Sometimes a fast food item debuts that is so outrageous on its face, it generates attention the way a 30-car pileup on the freeway at rush hour generates attention. Jack in the Box added the option to order a four-patty chicken sandwich, then in an effort to top its own cheekiness, named it the Really Big Chicken Sandwich. This is just the sort of moment that goes down in the annals of drive-thru history.
As The Takeout’s Aimee Levitt wrote last week, the debut left two questions unanswered, namely, “How do you fit that into your mouth if you don’t have a detachable jaw?” and “Would the slippery ingredients like mayo, tomato, and cheese cause everything to slither out of the sandwich and land on your shirt just as soon as you picked it up to take a bite, sort of like a Really Big Chicken Slip ’n Slide?”
On a cloudy morning, I set out to answer those two questions, plus a third: Is this thing any good?
First off, the answer to how you fit such a monstrous sandwich into your mouth is that you mash that sucker into your face with no pretense of dignity and hope for the best.
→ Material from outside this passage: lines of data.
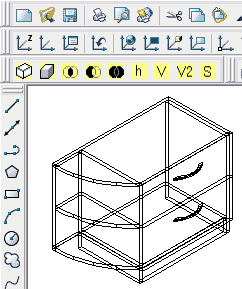 Figura e tregon një model të mobiljeve, e cila mund të përdoret nga një program për detaje design mobilje.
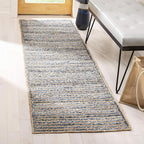 SAFAVIEH Cape Cod Collection Runner Rug - 2'3" x 8', Natural & Blue, Handmade Flat Weave Jute, Ideal for High Traffic Areas in Living Room, Bedroom (CAP250A)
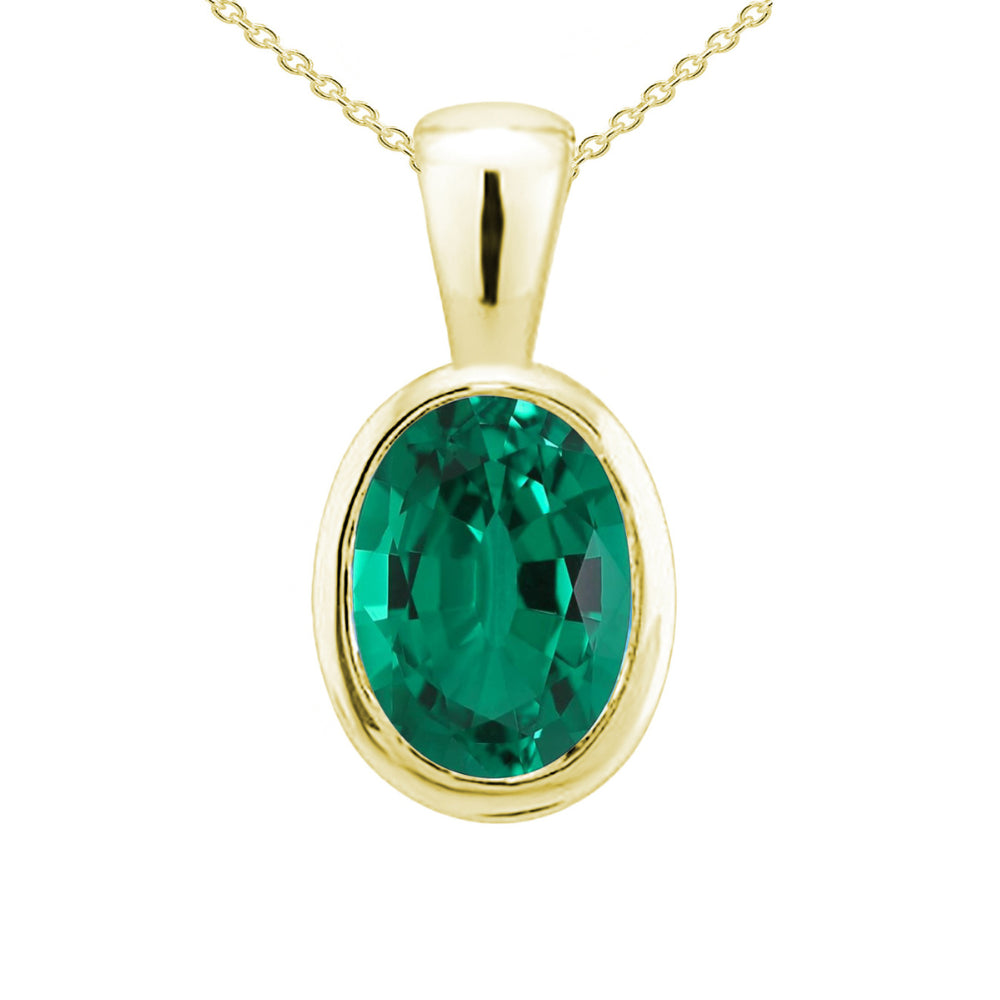 9ct Yellow Gold Created Emerald Pendant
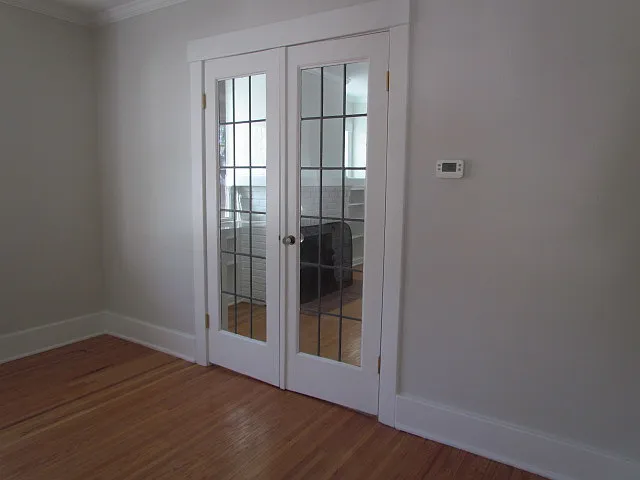 Leaded glass door between Living room and Dining Room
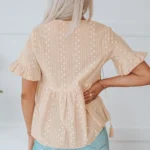 Jovie Split V Neck Babydoll Top - Flowy Top with Ruffled Trim & Lace-Up Detail
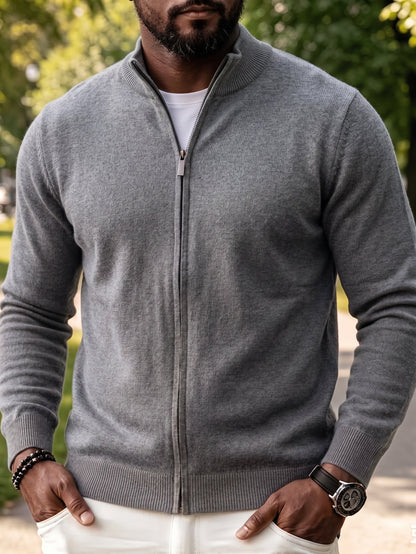Full Zip Knit Cardigan Sweater Casual Stand Collar Knitted Jacket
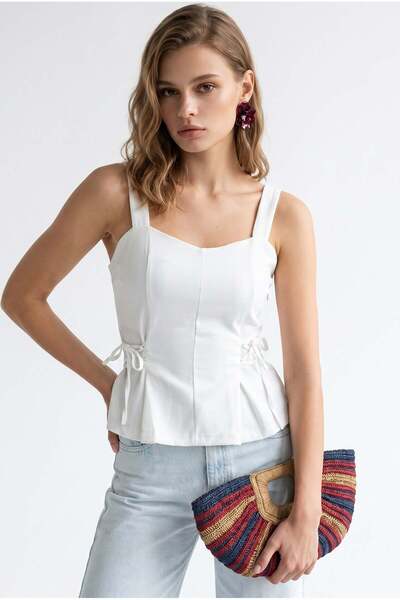 Mixray 2153 Women's Cross Lace-Up Strap Peplum Blouse White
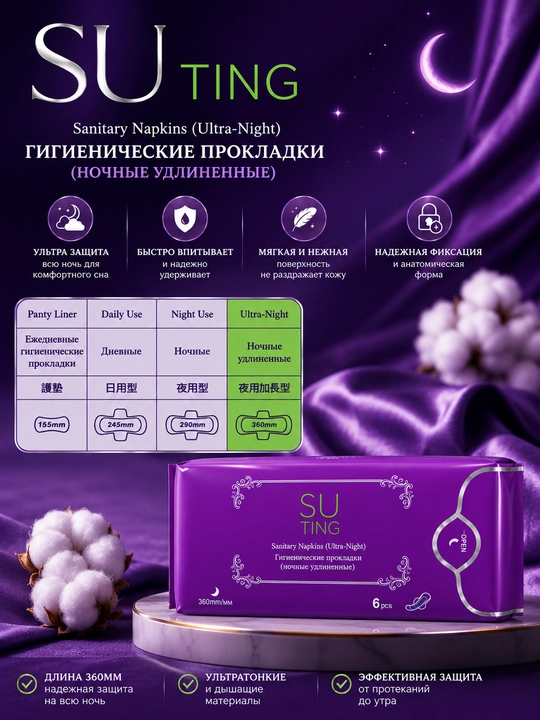Ночные гигиенические прокладки, 360 мм 6 шт
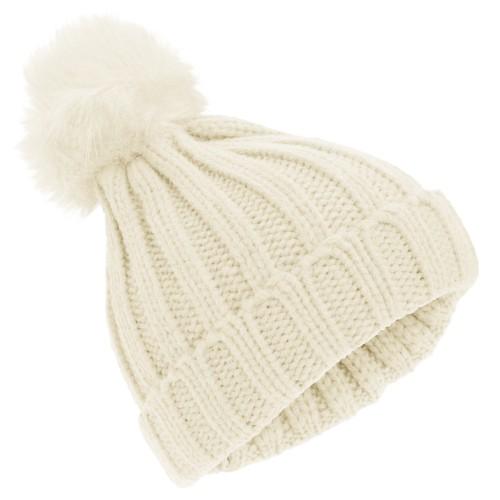 Universal Textiles Childrens Girls Rockjock Cable Knit Faux Fur Pom Pom Winter Beanie Hat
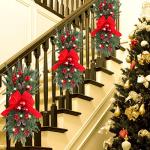 Prelit Christmas Wreath Stairway Garland with Lights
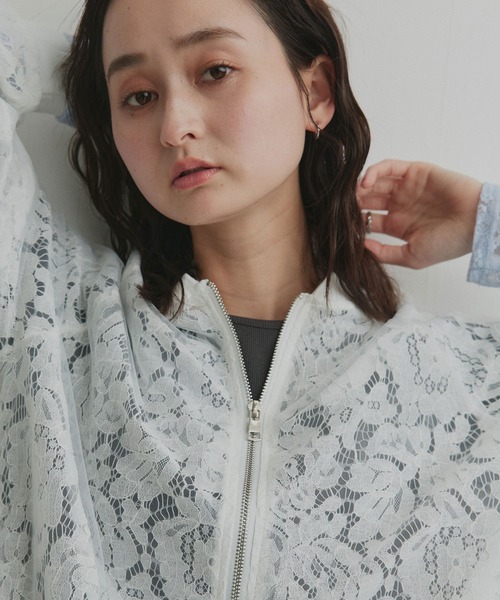 ad thie(アドティエ)の「シアーレース ジップブルゾン(ブルゾン・レディース・ブラック/オフホワイト・FREE)」の14枚目の写真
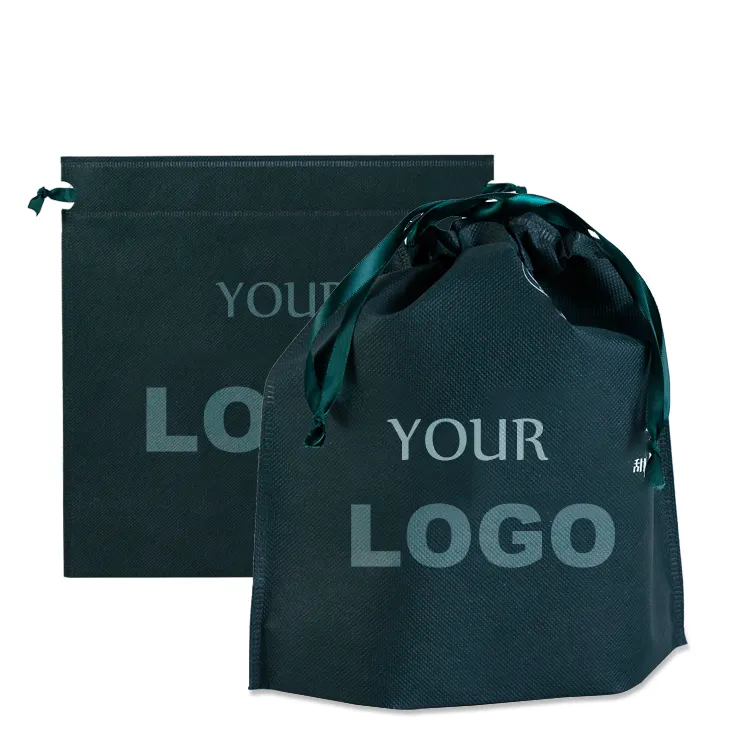 Bolso de compras biodegradable con cordón, bolsa no tejida con logotipo personalizado, venta al por mayor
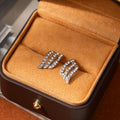 Crystal Look Triple Wing Silver Tone Small Stud Earrings view 2
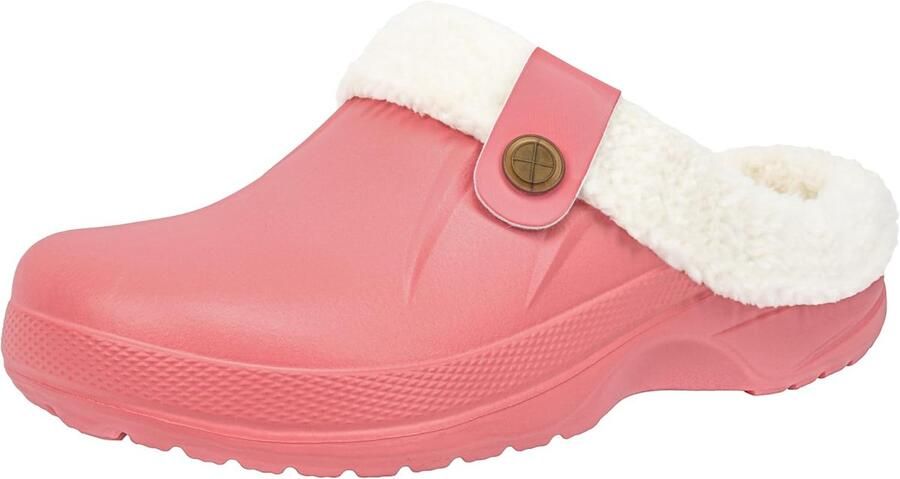 s s bont gevoerde klompen waterdichte winter donzige slippers indoor Ourdoor roze 9 9.5 UK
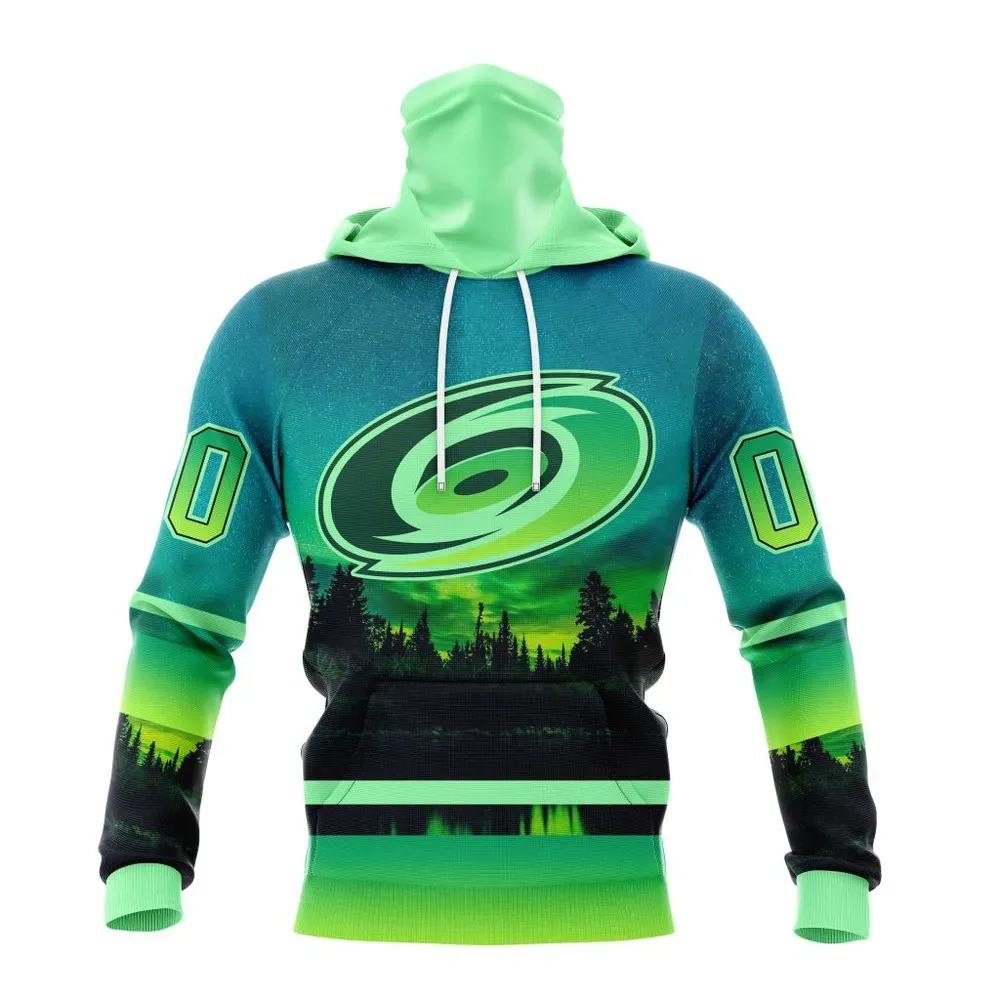 NHL Carolina Hurricanes Special Northern Lights Design St2302 Mask Hoodie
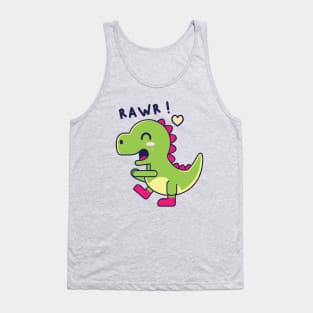 RAWR - Kawaii Cute Dinosaur Cartoon Tank Top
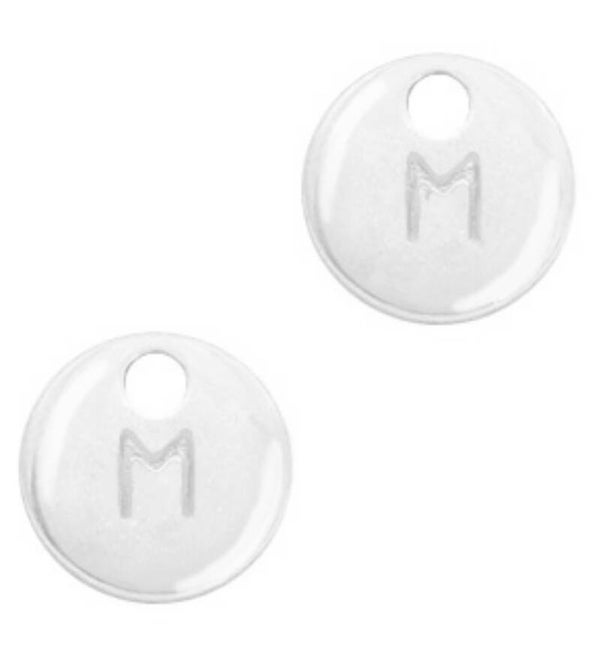 Metaal bedel initial M zilver (nikkelvrij)
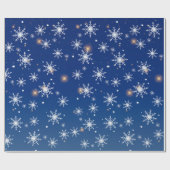 Winter's Magic Snowflake Starry Wrapping Paper Cadeaupapier (Vlak)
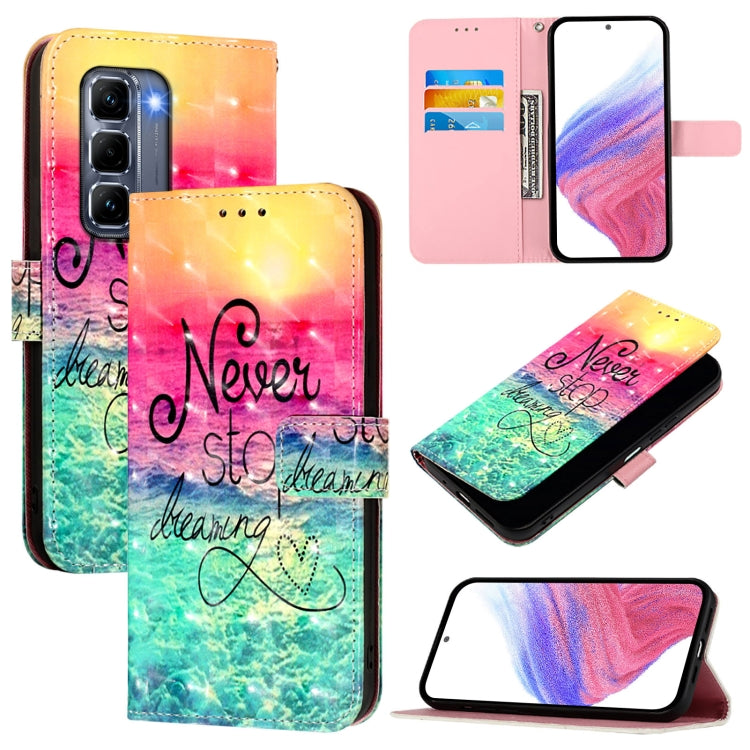 Funda de Cuero con Tapa Horizontal y Pintura 3D para Infinix Hot 50 Pro+ 4G (Chasing Dreams)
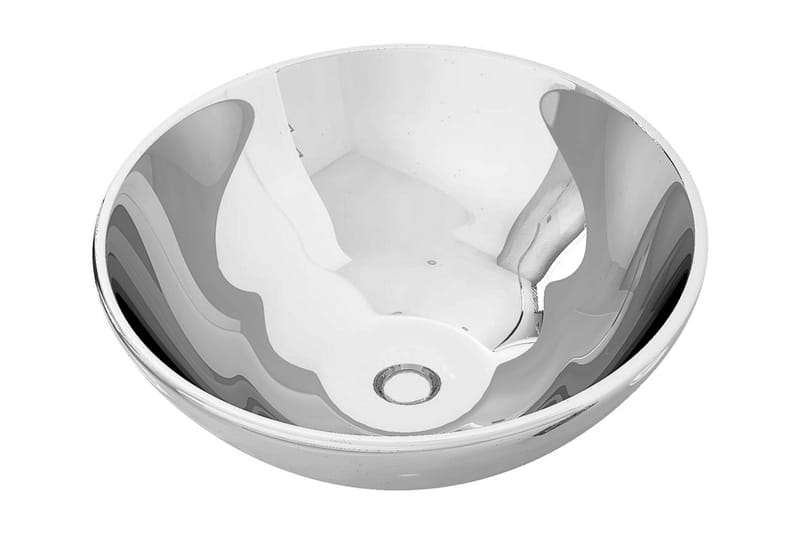 håndvask 32,5 x 14 cm keramik sølvfarvet - Sølv - Lille håndvask
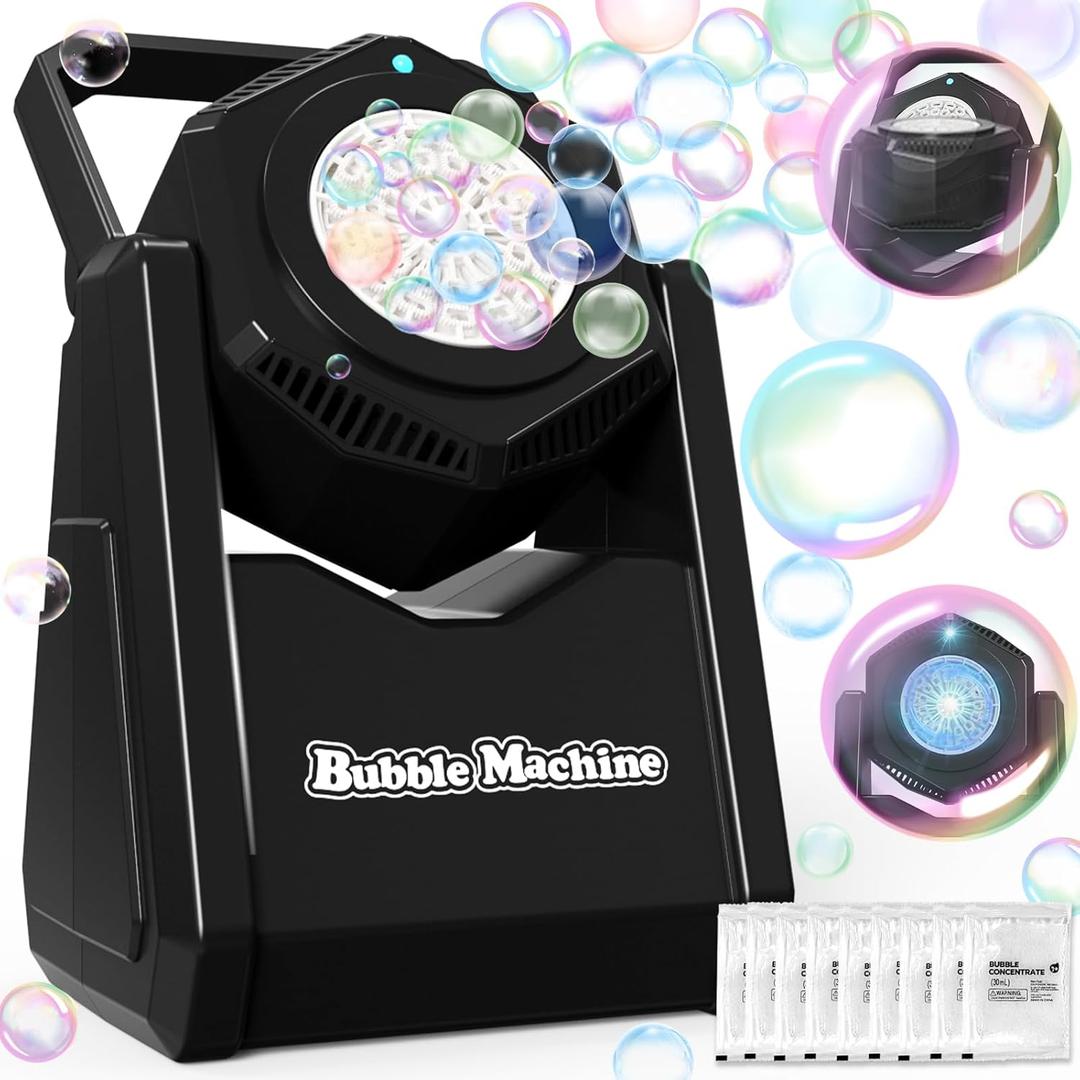 Bubble Machine, Automatic Bubbles Blower for Kids Toddlers, 360 Leak-Proof & 90 Adjustment Battery Operated Bubble Toys with LED Light - Gifts for Boys, Girls, Outdoor, Birthday, Halloween Party (Black)
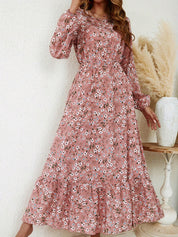 Delphine Ravenscourt | Floral Print Bishop Sleeve Smocked Waist Maxi Dress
Everything that makes Wendy’s triple cheeseburger more than a mouthful is amplified here. There is no way to eat this in a way that looks dignified, so don’t even attempt it.
The answer to the second question lies in the adhesive power of Jack’s Swiss-like cheese substance, a cheese regular Jack’s eaters will recognize as “the white cheese” from the bicolor fromage offerings atop the Ultimate Cheeseburger. These four patties fused together into a sort of Voltron McNugget on steroids all the way to the last bite. A more effective mortar I can hardly imagine.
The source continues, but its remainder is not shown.